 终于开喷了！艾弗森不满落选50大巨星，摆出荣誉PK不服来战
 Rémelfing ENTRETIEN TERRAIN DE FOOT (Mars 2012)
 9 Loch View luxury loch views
---
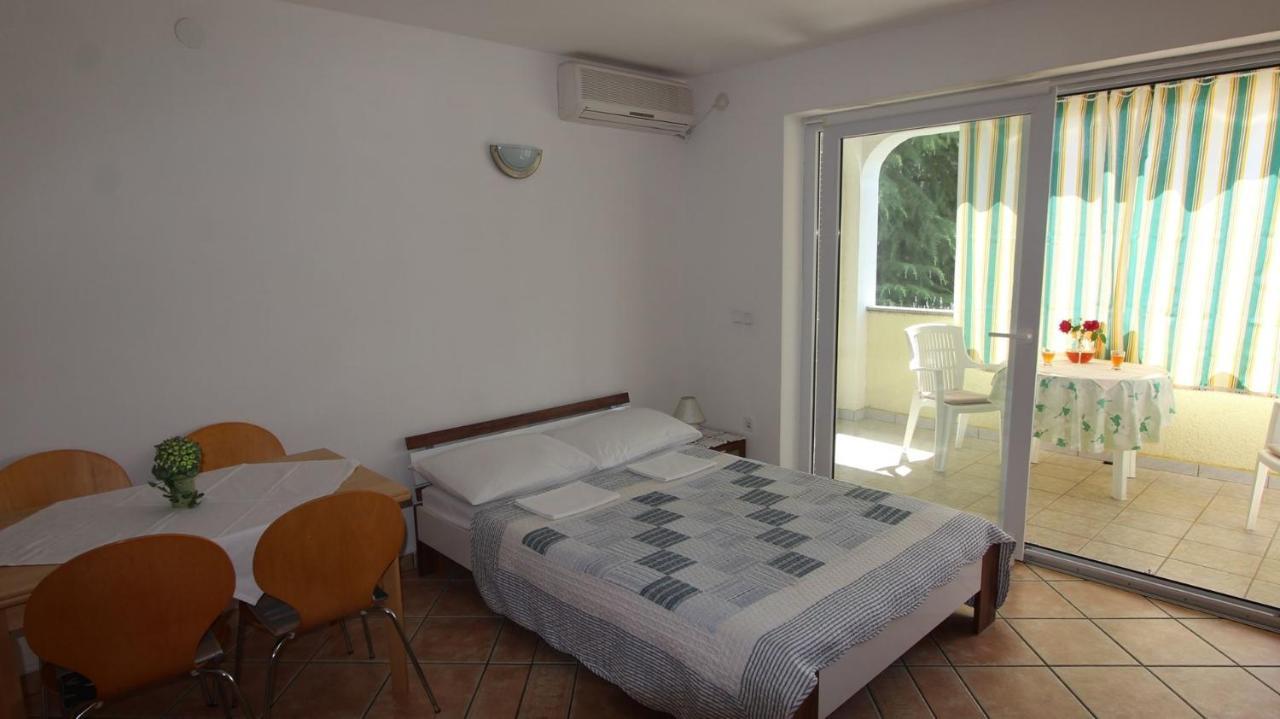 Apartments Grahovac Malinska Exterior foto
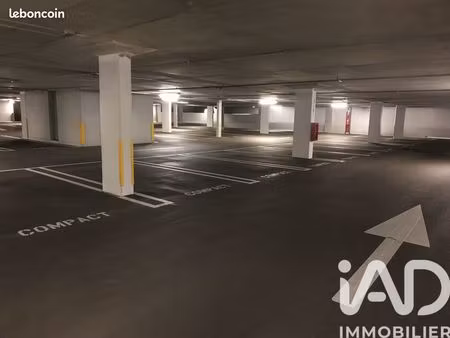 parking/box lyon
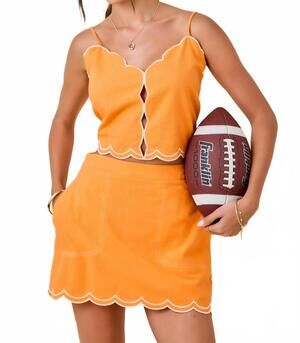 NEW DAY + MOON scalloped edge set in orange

__What is being asked__
From the data above, output exactly the lines between the one containing "终于开喷了！艾弗森不满落选50大巨星，摆出荣誉PK不服来战" and the one containing "9 Loch View luxury loch views", counting both of them.

__Answer to this problem__
 终于开喷了！艾弗森不满落选50大巨星，摆出荣誉PK不服来战
 Rémelfing ENTRETIEN TERRAIN DE FOOT (Mars 2012)
 9 Loch View luxury loch views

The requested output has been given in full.